» INPUT DATA
+--

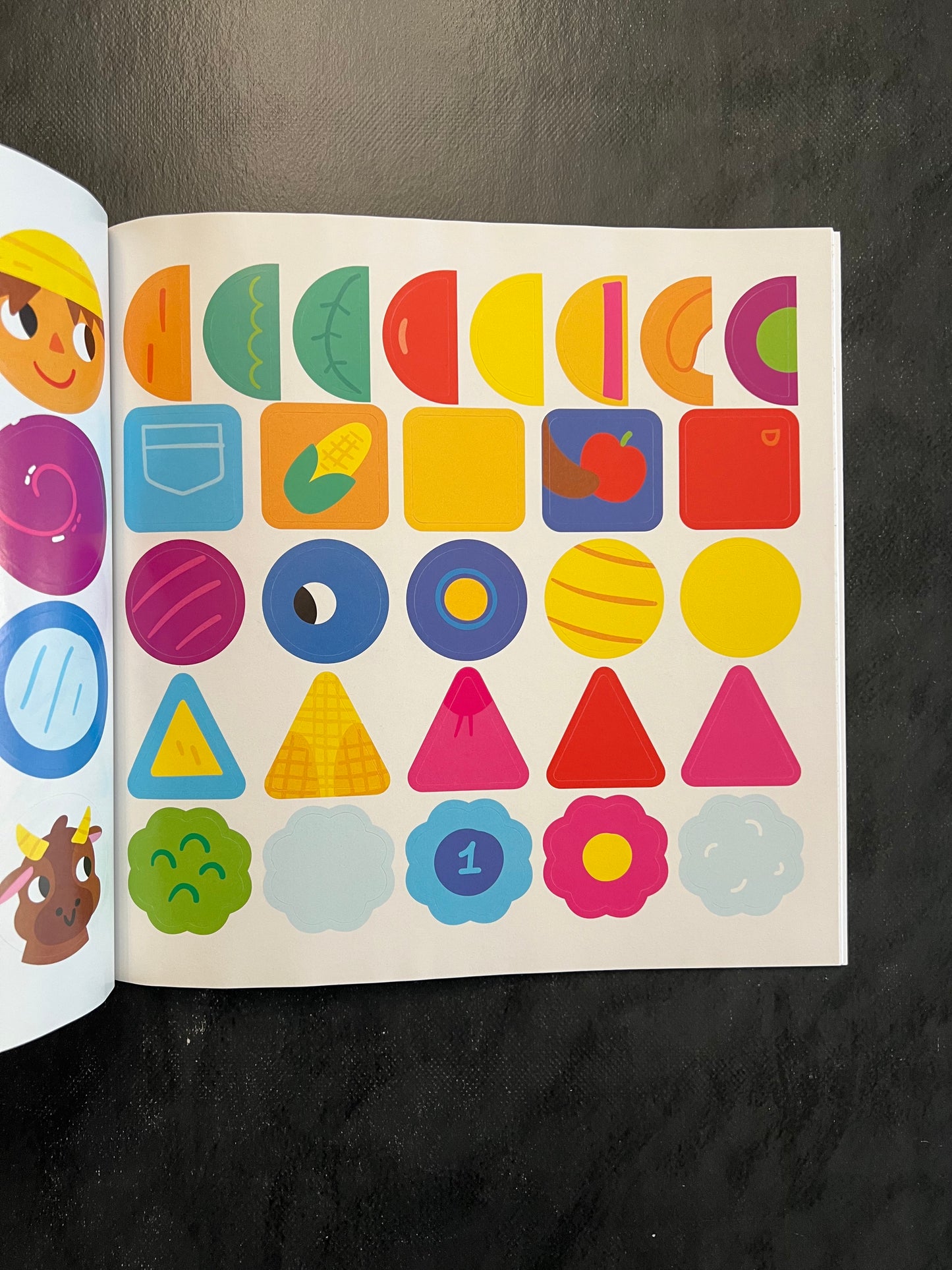 Je colle mes gommettes géantes et je colorie - 3 ans et plus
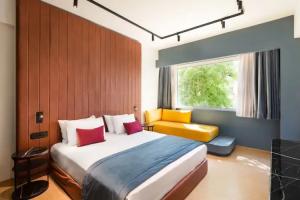 Colors Hotel Athens, Athens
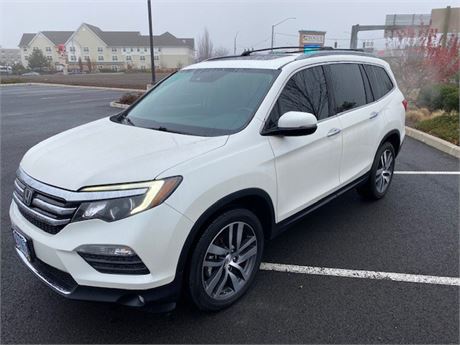 Rogue Credit Union Auctions - 2016 Honda Pilot Elite Sport Utility 4D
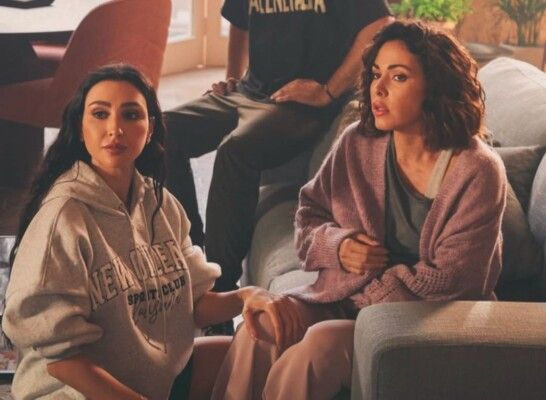 شاهد .. جيسي عبدو ورولا بقسماتي ترقصان في كواليس "بالدم" بأجواء عفوية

+--

A verbatim copy of the listing is required, with all pictures left out.

» THE COMPLETED TASK
 Je colle mes gommettes géantes et je colorie - 3 ans et plus
 Colors Hotel Athens, Athens
 Rogue Credit Union Auctions - 2016 Honda Pilot Elite Sport Utility 4D
 شاهد .. جيسي عبدو ورولا بقسماتي ترقصان في كواليس "بالدم" بأجواء عفوية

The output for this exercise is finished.